#### Data extracts:
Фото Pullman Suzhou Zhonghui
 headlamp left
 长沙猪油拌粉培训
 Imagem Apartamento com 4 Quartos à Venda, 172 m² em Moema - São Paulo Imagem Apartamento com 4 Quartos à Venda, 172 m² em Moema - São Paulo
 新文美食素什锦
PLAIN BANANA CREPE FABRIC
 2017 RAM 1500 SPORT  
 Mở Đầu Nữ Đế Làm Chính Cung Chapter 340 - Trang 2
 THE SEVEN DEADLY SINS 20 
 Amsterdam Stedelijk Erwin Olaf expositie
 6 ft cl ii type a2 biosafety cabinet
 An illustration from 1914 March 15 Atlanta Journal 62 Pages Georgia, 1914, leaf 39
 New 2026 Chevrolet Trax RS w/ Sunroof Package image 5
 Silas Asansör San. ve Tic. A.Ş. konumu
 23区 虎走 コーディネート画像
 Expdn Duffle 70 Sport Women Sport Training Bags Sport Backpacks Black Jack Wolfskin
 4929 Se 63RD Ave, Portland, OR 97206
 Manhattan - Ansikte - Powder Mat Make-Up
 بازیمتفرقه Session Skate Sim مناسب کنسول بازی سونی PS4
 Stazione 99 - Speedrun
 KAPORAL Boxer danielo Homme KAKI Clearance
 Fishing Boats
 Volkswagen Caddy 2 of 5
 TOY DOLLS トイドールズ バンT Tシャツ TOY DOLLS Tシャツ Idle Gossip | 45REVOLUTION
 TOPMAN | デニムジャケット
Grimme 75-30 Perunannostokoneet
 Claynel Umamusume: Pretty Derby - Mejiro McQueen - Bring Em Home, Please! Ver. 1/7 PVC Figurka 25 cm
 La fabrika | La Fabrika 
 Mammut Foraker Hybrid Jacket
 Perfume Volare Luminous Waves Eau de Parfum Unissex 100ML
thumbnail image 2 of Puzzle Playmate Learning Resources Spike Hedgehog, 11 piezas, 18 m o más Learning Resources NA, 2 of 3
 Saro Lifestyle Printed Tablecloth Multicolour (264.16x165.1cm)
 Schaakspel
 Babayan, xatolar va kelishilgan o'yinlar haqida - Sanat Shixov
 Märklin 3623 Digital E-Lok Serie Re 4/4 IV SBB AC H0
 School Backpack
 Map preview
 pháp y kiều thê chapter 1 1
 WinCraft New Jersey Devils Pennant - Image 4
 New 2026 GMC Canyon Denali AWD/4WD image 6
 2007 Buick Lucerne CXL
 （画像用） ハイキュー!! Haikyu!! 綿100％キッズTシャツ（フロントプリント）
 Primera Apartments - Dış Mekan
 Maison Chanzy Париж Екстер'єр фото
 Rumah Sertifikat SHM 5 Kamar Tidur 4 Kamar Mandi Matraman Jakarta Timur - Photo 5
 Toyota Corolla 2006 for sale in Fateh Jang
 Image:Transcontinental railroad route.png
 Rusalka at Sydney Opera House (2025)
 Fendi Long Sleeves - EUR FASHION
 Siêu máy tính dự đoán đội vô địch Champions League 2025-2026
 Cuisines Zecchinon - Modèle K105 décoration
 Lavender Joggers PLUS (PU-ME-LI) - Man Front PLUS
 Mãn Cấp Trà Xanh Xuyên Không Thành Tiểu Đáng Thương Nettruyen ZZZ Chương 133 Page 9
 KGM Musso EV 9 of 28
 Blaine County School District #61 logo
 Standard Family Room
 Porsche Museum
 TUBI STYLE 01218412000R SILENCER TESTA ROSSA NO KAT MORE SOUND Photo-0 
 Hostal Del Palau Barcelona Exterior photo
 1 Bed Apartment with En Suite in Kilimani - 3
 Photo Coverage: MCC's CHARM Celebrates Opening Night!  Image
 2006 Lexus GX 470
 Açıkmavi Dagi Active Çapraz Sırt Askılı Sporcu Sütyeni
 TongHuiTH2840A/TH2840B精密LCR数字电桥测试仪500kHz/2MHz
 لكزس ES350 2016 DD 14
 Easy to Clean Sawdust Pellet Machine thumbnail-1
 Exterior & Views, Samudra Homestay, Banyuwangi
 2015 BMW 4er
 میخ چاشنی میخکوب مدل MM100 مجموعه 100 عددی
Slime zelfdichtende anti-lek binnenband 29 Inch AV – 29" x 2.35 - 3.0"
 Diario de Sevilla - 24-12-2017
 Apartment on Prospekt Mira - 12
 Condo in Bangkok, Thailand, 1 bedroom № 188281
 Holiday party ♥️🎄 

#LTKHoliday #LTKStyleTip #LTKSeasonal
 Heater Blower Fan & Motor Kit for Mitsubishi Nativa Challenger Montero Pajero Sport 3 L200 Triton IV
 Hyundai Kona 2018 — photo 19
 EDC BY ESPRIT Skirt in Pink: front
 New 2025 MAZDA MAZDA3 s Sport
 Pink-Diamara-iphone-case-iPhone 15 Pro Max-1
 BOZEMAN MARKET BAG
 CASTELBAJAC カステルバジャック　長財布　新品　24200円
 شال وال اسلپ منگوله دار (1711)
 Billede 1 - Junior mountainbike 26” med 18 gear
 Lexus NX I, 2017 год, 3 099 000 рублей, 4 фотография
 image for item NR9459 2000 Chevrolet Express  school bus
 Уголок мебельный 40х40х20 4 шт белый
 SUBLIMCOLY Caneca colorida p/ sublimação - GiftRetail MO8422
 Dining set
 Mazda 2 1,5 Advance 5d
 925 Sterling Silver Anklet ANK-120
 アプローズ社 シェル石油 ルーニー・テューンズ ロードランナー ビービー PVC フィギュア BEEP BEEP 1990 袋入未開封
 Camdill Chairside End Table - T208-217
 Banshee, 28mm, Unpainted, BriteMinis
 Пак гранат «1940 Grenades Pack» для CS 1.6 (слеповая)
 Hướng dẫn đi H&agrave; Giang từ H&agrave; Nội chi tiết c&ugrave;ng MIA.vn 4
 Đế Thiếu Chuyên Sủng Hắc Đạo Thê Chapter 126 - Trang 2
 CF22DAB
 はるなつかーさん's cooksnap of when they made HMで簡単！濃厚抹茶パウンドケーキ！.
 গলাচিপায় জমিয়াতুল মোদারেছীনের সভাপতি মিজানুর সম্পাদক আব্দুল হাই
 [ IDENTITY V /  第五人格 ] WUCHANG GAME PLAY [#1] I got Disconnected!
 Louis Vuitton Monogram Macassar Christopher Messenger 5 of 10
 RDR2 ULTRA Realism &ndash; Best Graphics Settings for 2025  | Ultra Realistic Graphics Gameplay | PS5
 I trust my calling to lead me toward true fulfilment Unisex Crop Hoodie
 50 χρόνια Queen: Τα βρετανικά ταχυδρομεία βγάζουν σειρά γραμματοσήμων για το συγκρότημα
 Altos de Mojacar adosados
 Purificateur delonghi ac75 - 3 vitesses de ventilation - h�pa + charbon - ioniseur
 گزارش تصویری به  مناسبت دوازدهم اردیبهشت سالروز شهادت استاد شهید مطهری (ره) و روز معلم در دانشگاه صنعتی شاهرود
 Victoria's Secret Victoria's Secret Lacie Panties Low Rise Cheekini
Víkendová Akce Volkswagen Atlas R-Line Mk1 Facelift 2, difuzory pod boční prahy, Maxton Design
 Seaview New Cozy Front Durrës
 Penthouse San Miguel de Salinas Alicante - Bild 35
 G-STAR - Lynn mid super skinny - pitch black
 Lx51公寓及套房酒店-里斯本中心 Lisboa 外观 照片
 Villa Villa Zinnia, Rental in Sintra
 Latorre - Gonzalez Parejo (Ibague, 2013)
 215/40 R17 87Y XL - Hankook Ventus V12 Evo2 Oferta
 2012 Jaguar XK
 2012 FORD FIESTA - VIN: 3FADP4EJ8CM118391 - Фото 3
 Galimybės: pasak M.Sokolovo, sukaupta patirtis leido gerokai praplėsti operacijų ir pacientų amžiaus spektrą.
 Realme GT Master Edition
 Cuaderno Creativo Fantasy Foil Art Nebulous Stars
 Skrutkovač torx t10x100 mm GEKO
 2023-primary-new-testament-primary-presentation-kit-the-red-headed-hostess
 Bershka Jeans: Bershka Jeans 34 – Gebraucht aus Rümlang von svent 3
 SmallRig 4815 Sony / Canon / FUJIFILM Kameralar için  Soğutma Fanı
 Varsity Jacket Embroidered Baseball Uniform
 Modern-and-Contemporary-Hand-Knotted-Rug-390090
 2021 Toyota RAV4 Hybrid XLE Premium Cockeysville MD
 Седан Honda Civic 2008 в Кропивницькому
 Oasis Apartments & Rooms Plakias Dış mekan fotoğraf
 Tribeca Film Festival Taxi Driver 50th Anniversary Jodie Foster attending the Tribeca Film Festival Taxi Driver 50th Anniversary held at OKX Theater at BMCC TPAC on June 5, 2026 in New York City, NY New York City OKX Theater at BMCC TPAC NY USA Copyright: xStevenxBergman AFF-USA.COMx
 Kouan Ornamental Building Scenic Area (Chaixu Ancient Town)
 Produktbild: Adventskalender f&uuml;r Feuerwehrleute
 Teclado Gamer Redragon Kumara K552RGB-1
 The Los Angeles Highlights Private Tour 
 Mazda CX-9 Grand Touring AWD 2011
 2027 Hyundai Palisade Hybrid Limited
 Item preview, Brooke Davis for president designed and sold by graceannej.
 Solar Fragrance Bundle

#### What the task asks:
Show all of the lines above in which "Toyota" is present.

#### Answer box:
 Toyota Corolla 2006 for sale in Fateh Jang
 2021 Toyota RAV4 Hybrid XLE Premium Cockeysville MD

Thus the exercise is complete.